§ Requirement:
Copy the entries without a single change. Pictures should be dropped.

___ Provided records

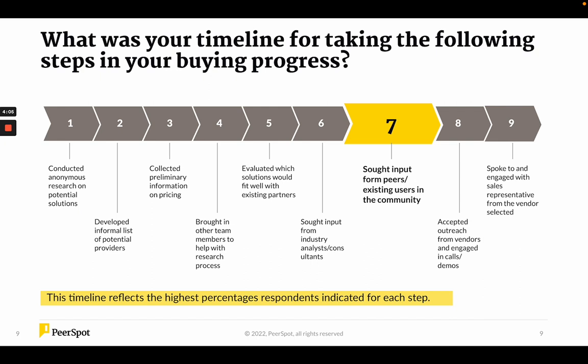Here's a little timeline that helps you understand what people think about when going through the buying process. All the way on the left, number one — the beginning of the buying process — they conduct anonymous research on potential solutions. Imagine buying a new refrigerator or car: you start doing research, develop an informal list of potential providers, and start collecting primary information like cost. You might bring in other members — in the refrigerator example, your spouse or roommates — to understand what's important. Then you'll evaluate which solutions would fit well with existing partners.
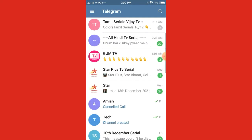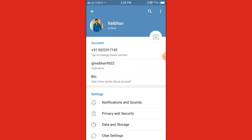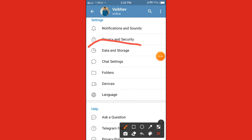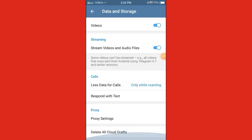First of all, you need to open your Telegram account application. Now click on the three lines in Telegram, then click on the Settings button. Scroll down and click on the third option, which is Data and Storage.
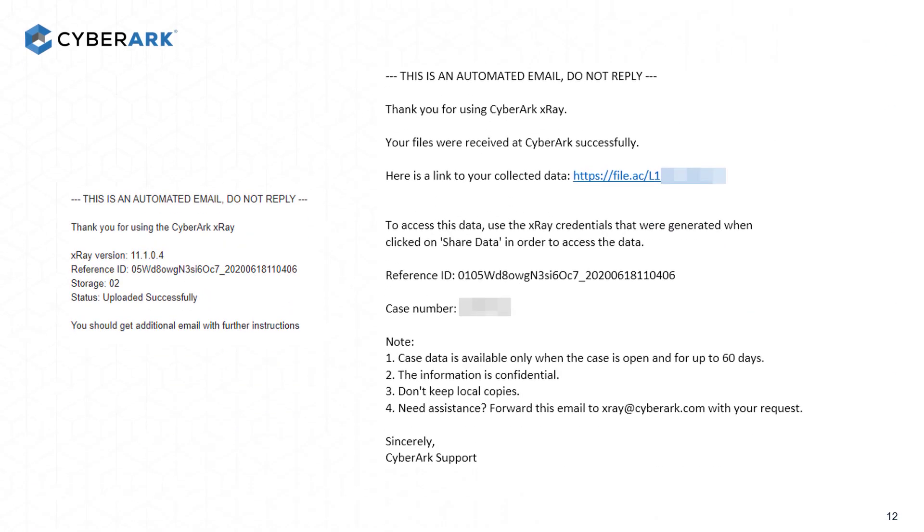A confirmation email will be sent once the data upload is verified, and you can see that here on the left. A few minutes later, a second email will arrive with the links to the shared data, which can be viewed on the right. Use the passwords you saved to access this.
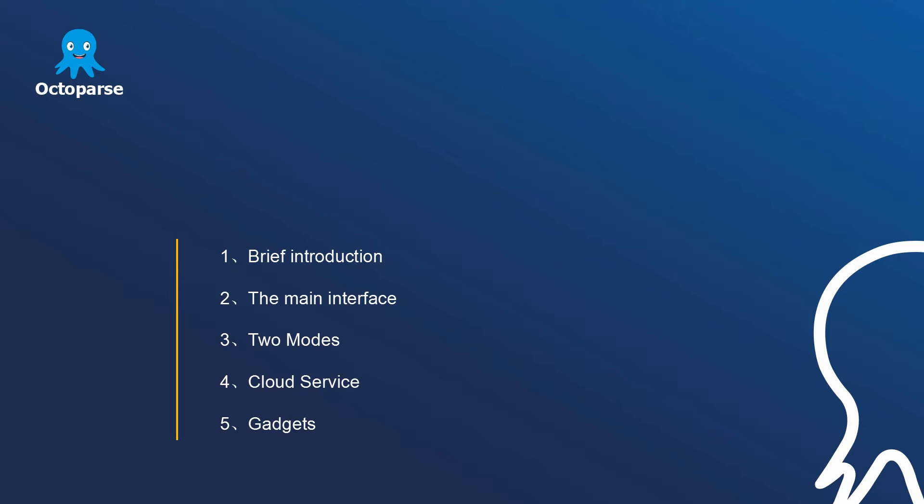The brief introduction, the main interface, our two modes, crowd service, and our two useful tools.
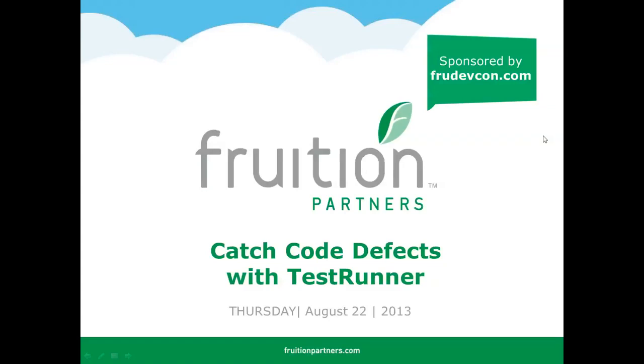Good afternoon. Thanks for joining us today. My name is Karen Murtaugh. I'm with Fruition Partners. And today we're going to be doing the webinar Catch Code Defects with Test Runner by Johnny Caruso. I'm here to kick it off with a little advertisement. We are sponsors. I'm the project manager for FruDevCon.com. And because you are here today, we know that you'd be a great candidate for this conference taking place this fall.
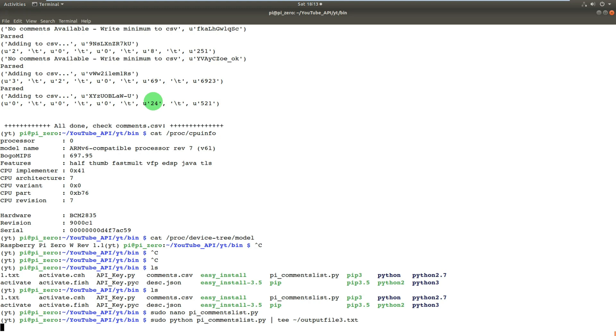So it's running now, and what it's doing is, rather than printing to standard output to the screen, it's outputting it to the file. And if we're patient, I know you can probably see near the top of the screen what's happened.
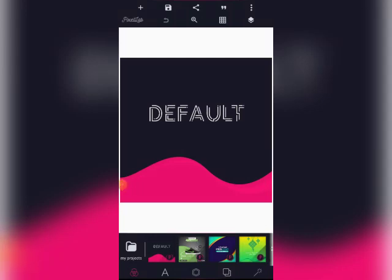Hello guys, welcome to my YouTube channel, this is Polygraphics. In today's tutorial we will be learning how we can clip images into shapes. The last video I made was about how to clip images into text, but this time we are going to be learning how we can clip images into shapes.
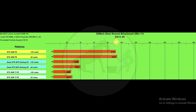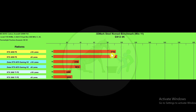3DMark Steel Nomad benchmark — DX12 at 4K. The scores are equivalent to frames per second if you move the decimal point two places to the left. The 4090 scores translate to 91.6 vs. 92.2 fps — just 0.6 fps difference. The 4070 shows about 1.2 fps of difference, and the 3060 Ti shows about 0.6 fps difference between 16 and 8 lanes.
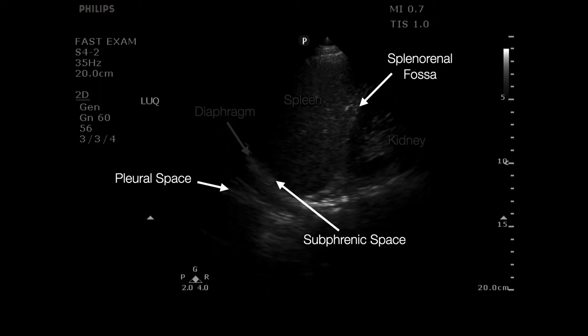The second window is the left upper quadrant — the twin of the right upper quadrant. Here we're looking at the spleen and kidney interface rather than the liver. The spleen tends to be smaller and sits a little more posterior and cephalad relative to the kidney. You want to note fluid above the spleen between the diaphragm and the spleen, fluid at the caudal tip of the spleen or in the splenorenal fossa, and fluid above the diaphragm indicating a left pleural effusion or hemothorax.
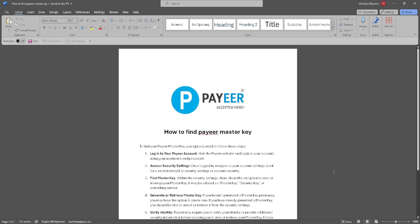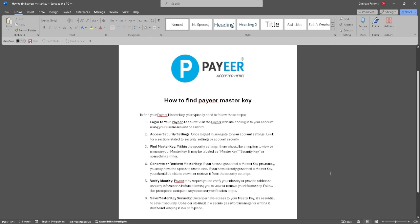In this video, I'm going to show you how to find your Payer master key. Please watch the video until the end and follow this tutorial step by step to avoid making mistakes.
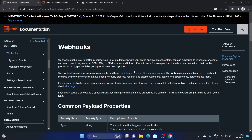A webhook is a feature within the UiPath Orchestrator where you can set it up. As per the UiPath documentation, it enables us to integrate UiPath automation with your application ecosystem. There are certain Orchestrator events — for example, when a job is started, created, failed, succeeded, or when an item is added to a queue.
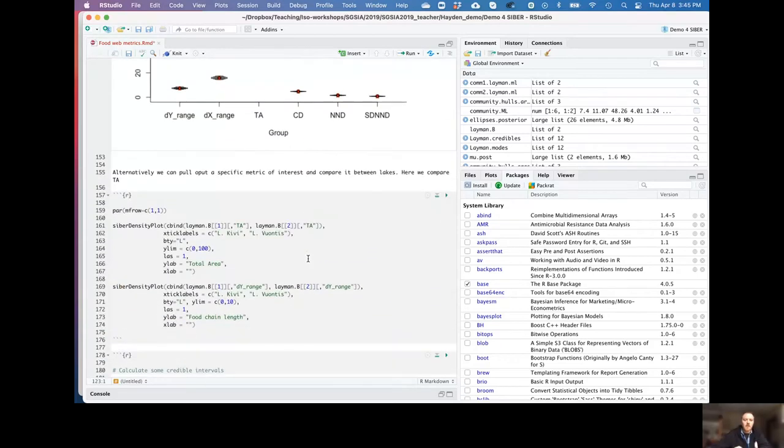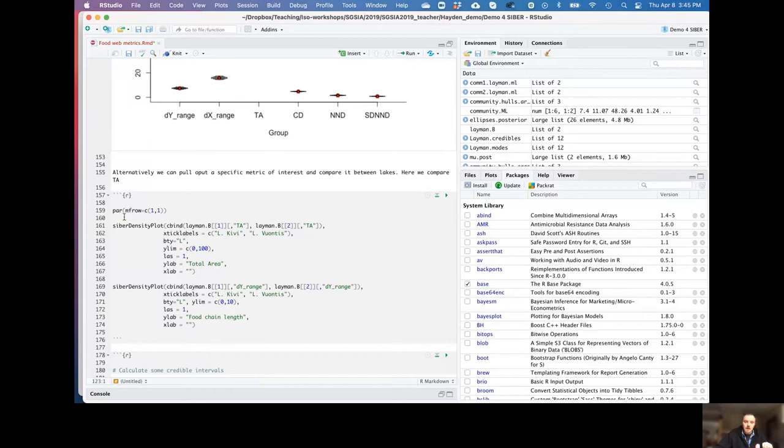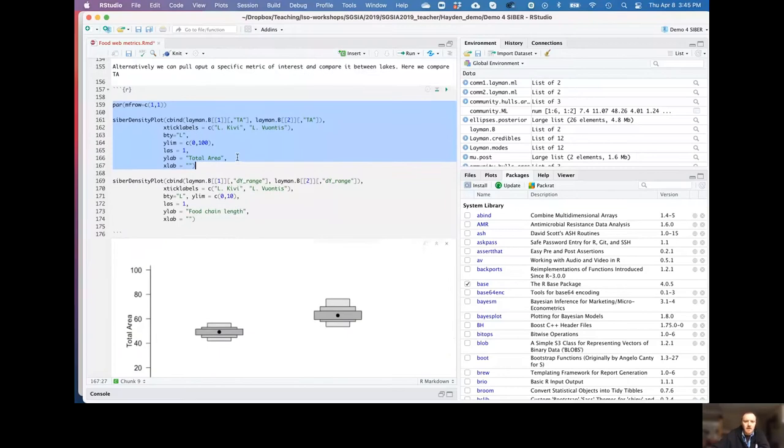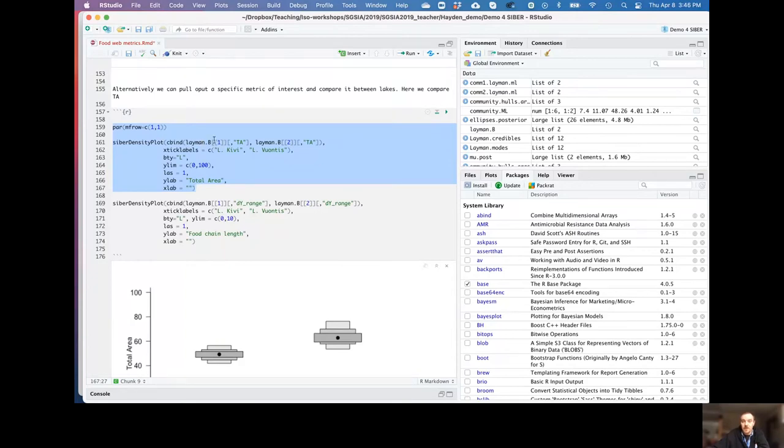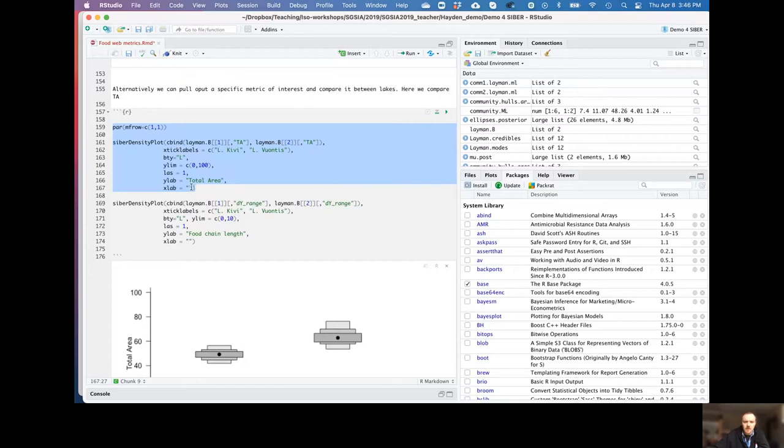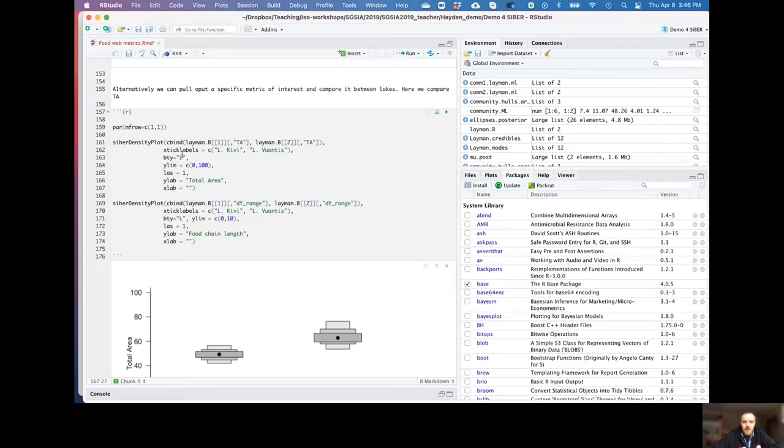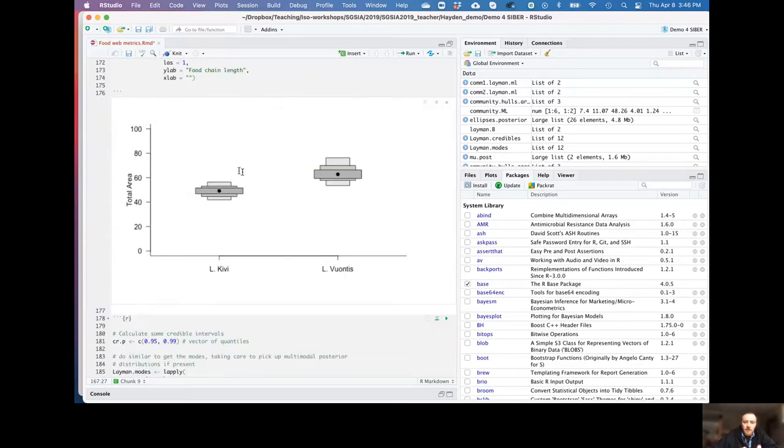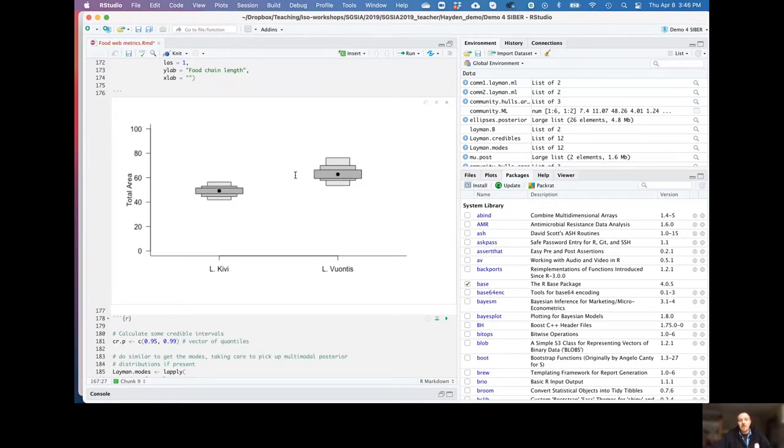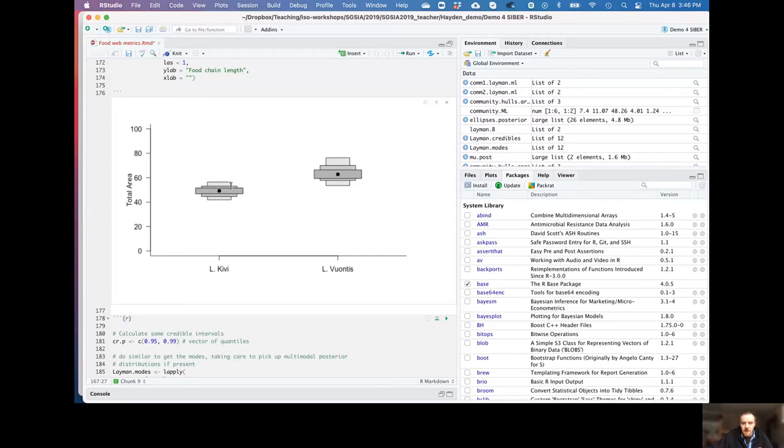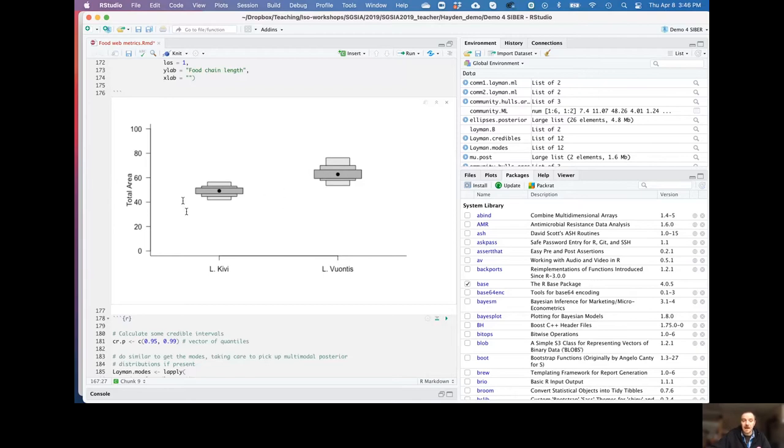So alternatively, what if we want to do an actual comparison between systems? So again, here we can just by changing the call around a little bit. So here what we're doing, we're doing a SIAR density plot, but we're binding together from name and metric for lake one total area and name and metric for group two or lake two total area. We're labeling these Lake Kiwi, Lake Vauntas, putting some other characteristics into the plot. Play it through, let it run. And here we can see Lake Vauntas. It's an easy way to make that comparison between the two systems.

______

§ Answer space:
Here's a little timeline that helps you understand what people think about when going through the buying process. All the way on the left, number one — the beginning of the buying process — they conduct anonymous research on potential solutions. Imagine buying a new refrigerator or car: you start doing research, develop an informal list of potential providers, and start collecting primary information like cost. You might bring in other members — in the refrigerator example, your spouse or roommates — to understand what's important. Then you'll evaluate which solutions would fit well with existing partners.
First of all, you need to open your Telegram account application. Now click on the three lines in Telegram, then click on the Settings button. Scroll down and click on the third option, which is Data and Storage.
A confirmation email will be sent once the data upload is verified, and you can see that here on the left. A few minutes later, a second email will arrive with the links to the shared data, which can be viewed on the right. Use the passwords you saved to access this.
The brief introduction, the main interface, our two modes, crowd service, and our two useful tools.
Good afternoon. Thanks for joining us today. My name is Karen Murtaugh. I'm with Fruition Partners. And today we're going to be doing the webinar Catch Code Defects with Test Runner by Johnny Caruso. I'm here to kick it off with a little advertisement. We are sponsors. I'm the project manager for FruDevCon.com. And because you are here today, we know that you'd be a great candidate for this conference taking place this fall.
So it's running now, and what it's doing is, rather than printing to standard output to the screen, it's outputting it to the file. And if we're patient, I know you can probably see near the top of the screen what's happened.
Hello guys, welcome to my YouTube channel, this is Polygraphics. In today's tutorial we will be learning how we can clip images into shapes. The last video I made was about how to clip images into text, but this time we are going to be learning how we can clip images into shapes.
3DMark Steel Nomad benchmark — DX12 at 4K. The scores are equivalent to frames per second if you move the decimal point two places to the left. The 4090 scores translate to 91.6 vs. 92.2 fps — just 0.6 fps difference. The 4070 shows about 1.2 fps of difference, and the 3060 Ti shows about 0.6 fps difference between 16 and 8 lanes.
The second window is the left upper quadrant — the twin of the right upper quadrant. Here we're looking at the spleen and kidney interface rather than the liver. The spleen tends to be smaller and sits a little more posterior and cephalad relative to the kidney. You want to note fluid above the spleen between the diaphragm and the spleen, fluid at the caudal tip of the spleen or in the splenorenal fossa, and fluid above the diaphragm indicating a left pleural effusion or hemothorax.
In this video, I'm going to show you how to find your Payer master key. Please watch the video until the end and follow this tutorial step by step to avoid making mistakes.
A webhook is a feature within the UiPath Orchestrator where you can set it up. As per the UiPath documentation, it enables us to integrate UiPath automation with your application ecosystem. There are certain Orchestrator events — for example, when a job is started, created, failed, succeeded, or when an item is added to a queue.
So alternatively, what if we want to do an actual comparison between systems? So again, here we can just by changing the call around a little bit. So here what we're doing, we're doing a SIAR density plot, but we're binding together from name and metric for lake one total area and name and metric for group two or lake two total area. We're labeling these Lake Kiwi, Lake Vauntas, putting some other characteristics into the plot. Play it through, let it run. And here we can see Lake Vauntas. It's an easy way to make that comparison between the two systems.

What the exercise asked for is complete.